When sifting through the March unemployment rate, it quickly became apparent that the drop to 7.6% was totally misleading. Although that rate has been the traditional measuring stick which the U.S. Labor Department has always touted, it has almost become irrelevant in light of the deteriorating labor picture it was cloaking.
With both labor force participation rate (63.3%) and workers as a percentage of the total population bouncing just near all-time lows, the full employment situation is in dire straits. It has also led to a new hike for social security disability payments as a percentage of the annual gross domestic product .
But the most disturbing aspect of the components comprising the complex employment scenario is the “youth” subsector (18-29 year olds), generating an 11.7% unemployment factor that is probably double that when including those working part-time, or less hours than required to receive company benefits. This declining labor force participation rate has created an additional 1.7 million young adults, not counted as “unemployed” by the U.S. Department of Labor. This agency does not include them in the potential labor force, because they have given up looking for work.

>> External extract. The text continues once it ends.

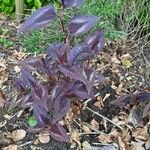 Persicaria microcephala List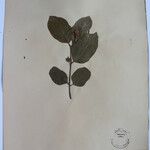 Terminalia anogeissiana Sonstige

To assuage this problem, the Administration has gone full tilt in expanding the food stamp and debit card programs, which have nearly doubled since the Obama Administration took office on January 20, 2009. Also added has been the Social Security disability largesse, unlimited unemployment compensation, and the ability to participate in parental insurance coverage up to the age of 26.
Although these programs were originally designed as a tide-over for the needy, they have also acted as a disincentive for many, who will not accept low paying jobs that hardly match what is available through federal assistance.
What is most disconcerting about this broadening of entitlements is that it makes the outlook for the “millennials” increasingly depressing. It’s not only the immediate jobs picture that’s discouraging. Even more concerning are the forthcoming healthcare cost increases and availability, plus the inevitable additional taxes that burden the shoulders of the maturing generation. This is due to the horrendous debt expense that will eventually have to be paid off in principal and interest yield.
Although the overall current 2013 U.S. economic outlook looks to be “acceptable,” it has turned into a “repair, maintenance, and instant-demand oriented,” rather than a bullishly expansive long-term strategy. Only a more amenable, business-friendly “expansion climate” could upgrade the outlook for the second half of this year.